So the radical left, the main characters among them were Averbach, Rodov, Lelevich and so on formed -- what an irony -- the Union of Proletarian Writers (RAPP), and launched their attacks on more centrist intellectuals: Polonsky, Vorovsky, or writers like Bulgakov, Zamiatin, Kaverin and so on. The attacks were brutal, leading to firing, refusal to publish and so on. At certain moment even the ultra radical Mayakovsky became too bourgeois and decadent for RAPP; they accused him of failing to acquire a proletarian outlook. Why were these critics capable of obtaining it, nobody asked, let alone proletarians themselves, who were deemed too dumb and uneducated to participate in the discussions conducted on their behalf. Suffice it to say, that these endless attacks of RAPP clearly contributed to Maykovsky's suicide.
As these too groups: gentry Russian intelligentsia vs. Jewish provincial intelligentsia were blaming each other for failing to represents proletarians, life went on... without proletarians, of course. Radicals were compiling the lists of statues to be destroyed, books to be banned, streets to rename, while the centrists were mostly on defensive, trying to save "the culture." Very few among both groups spend time actually educating or enlightening the workers. For a simple reason that you are not supposed to educate proletariat --which already knows it all -- into the mysteries of decaying bourgeois culture.
Of course, the denouement of the whole story is even more sad. Most of the "fellow travelers" either committed suicides, emigrated, went into "internal emigration" or became regular drunks, like Olesha or even Fadeev. Not to be outdone, most of the RAPP people were shot in 1937 as "Trotskyists." Particularly sad is the plight of one Lelevich.
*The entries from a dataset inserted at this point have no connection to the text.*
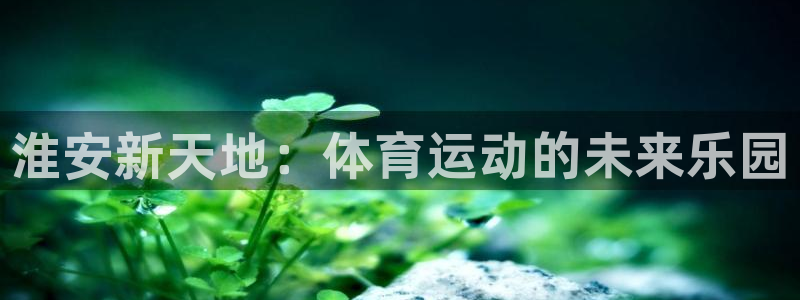 3377体育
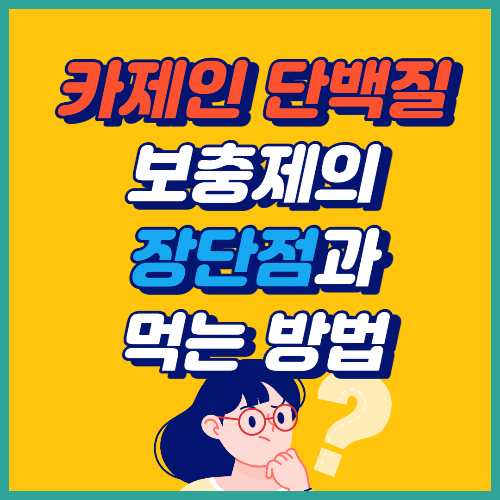 카제인단백질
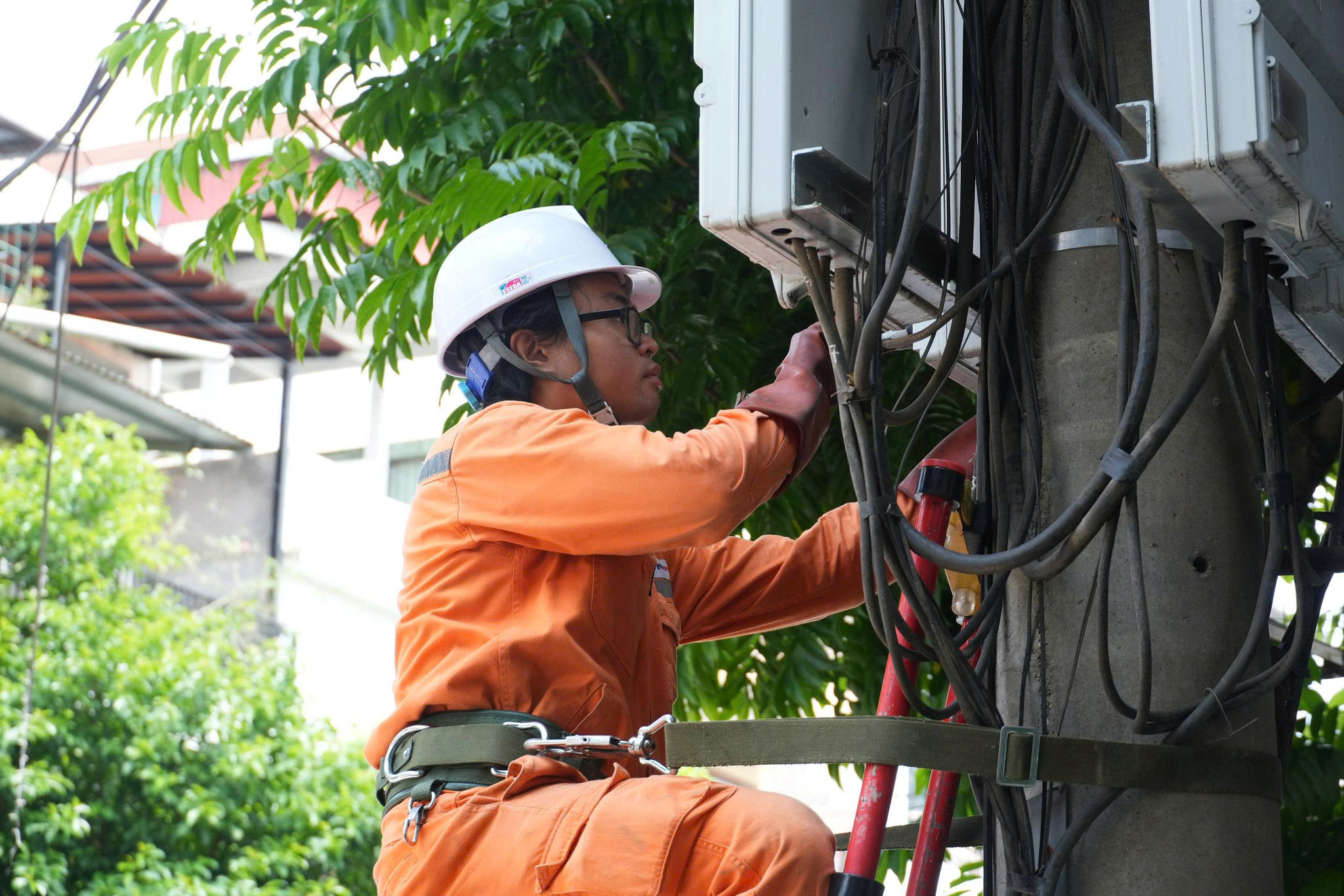 Cán bô Điện Lực Lào Cai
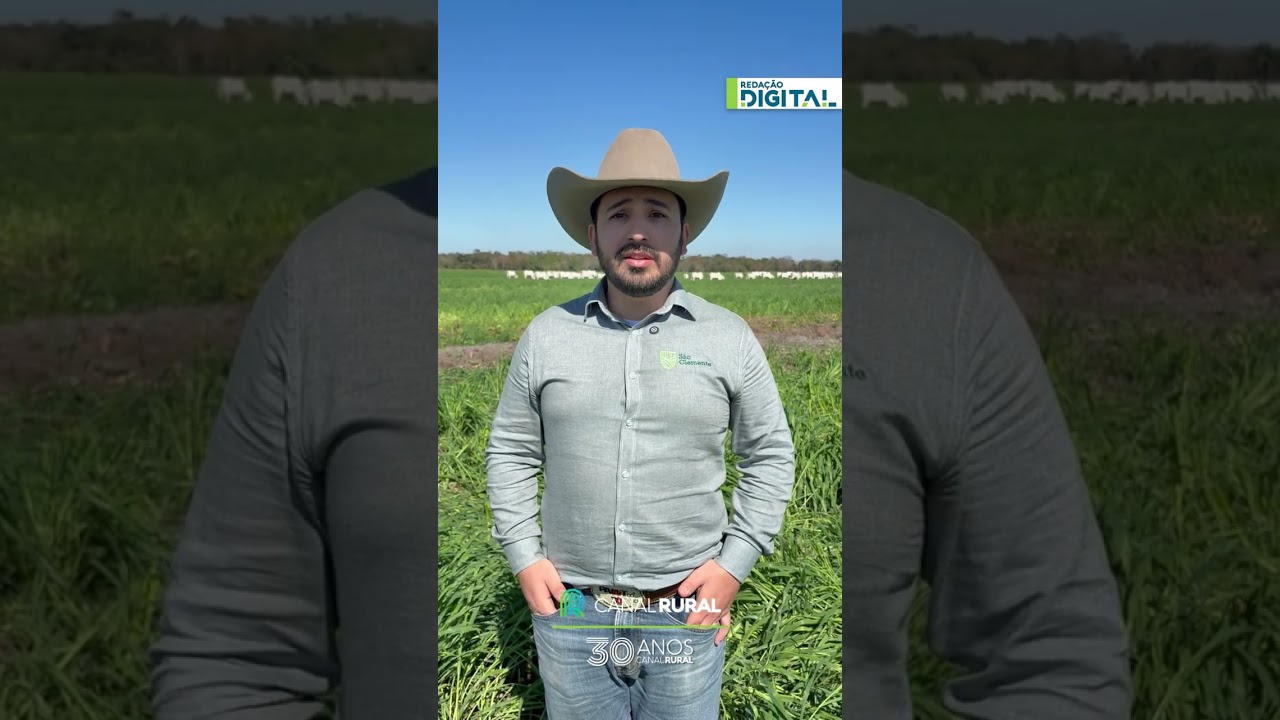 Dia do Pecuarista: quem produz alimento também cultiva o futuro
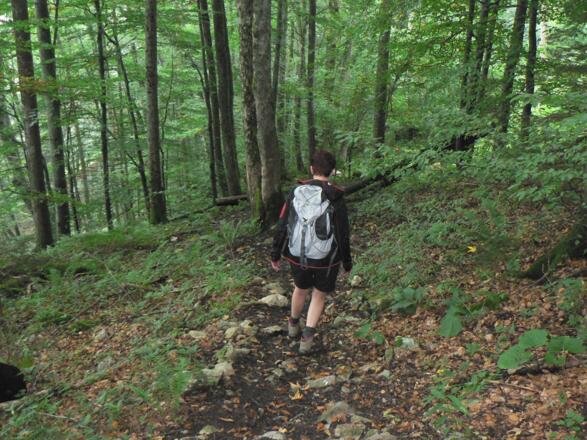 Der Abstieg führt durch totholzreiche Wälder ...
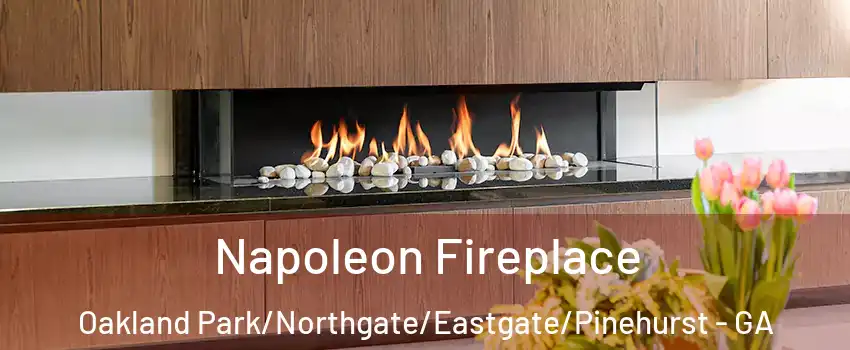 Napoleon Fireplace Oakland Park/Northgate/Eastgate/Pinehurst - GA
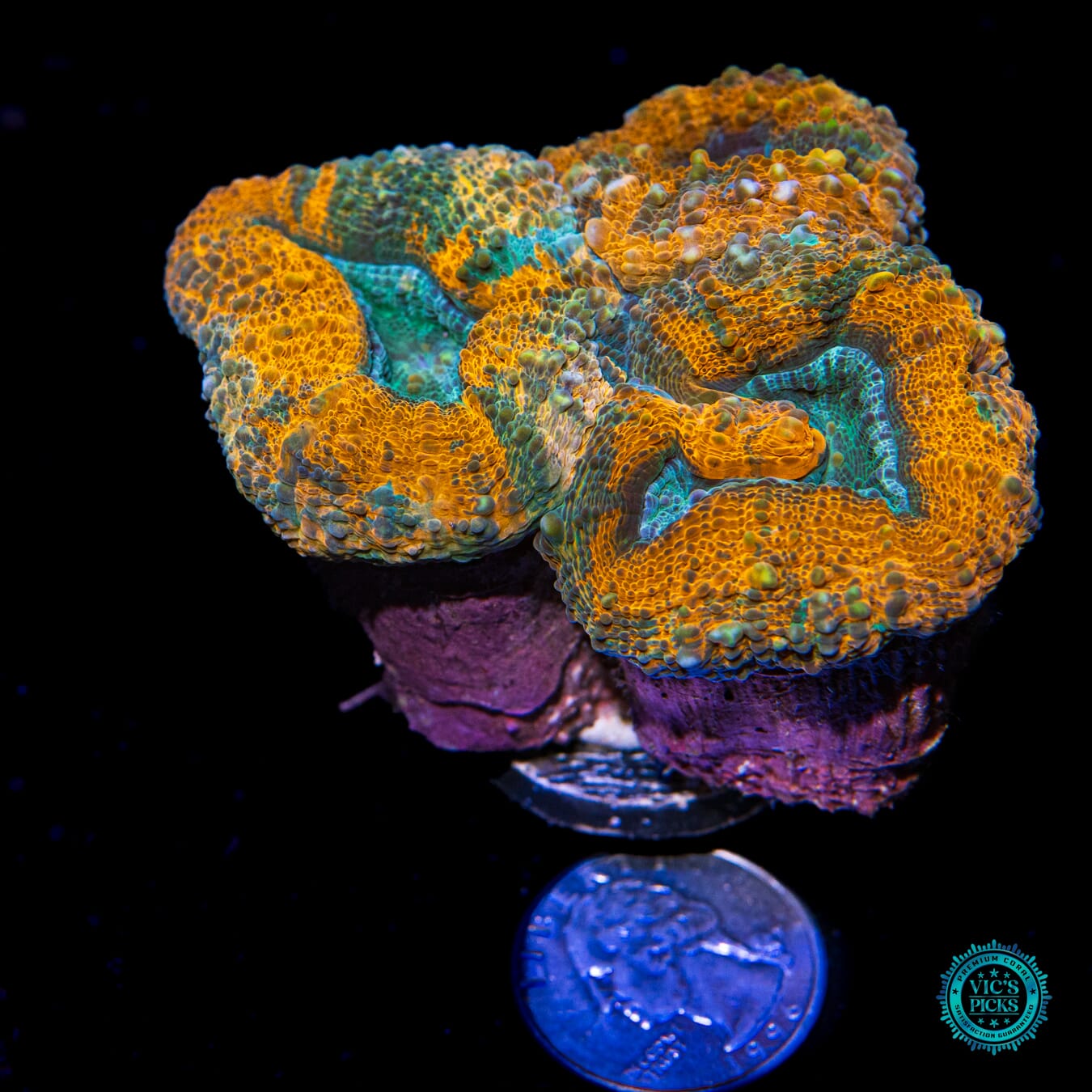 Alien Lagoon Lobophyllia - Actinic Photo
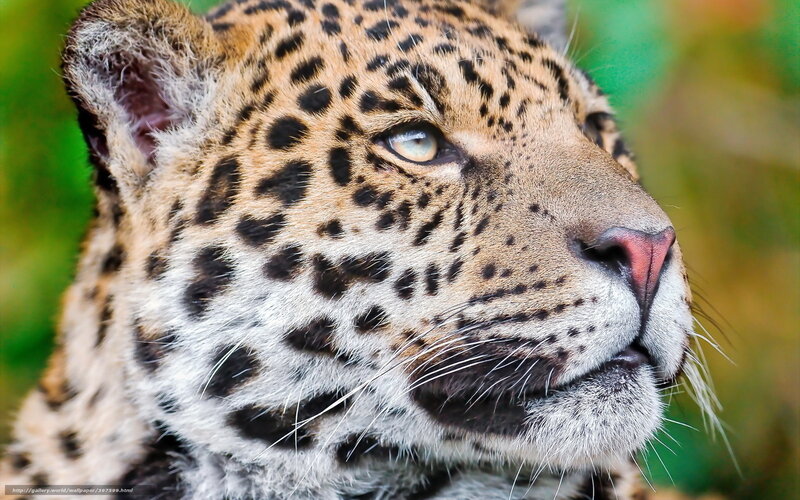 Leopard Head Close-up — Brown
Born in 1901 he was shot in 1937, followed by his very young son, was shot in 1939, and his poet father, shot in 1937.
Frankly, there is some poetic justice when obnoxious harassers, abusers, and self-righteous freaks are harassed, but it also makes one pretty sad. And particularly sad on behalf of the workers, many of whom ended up working in Gulag as Ivan Denisovich, waiting for another intelligentsia writer like Solzhenitsyn to tell the world about their sufferings.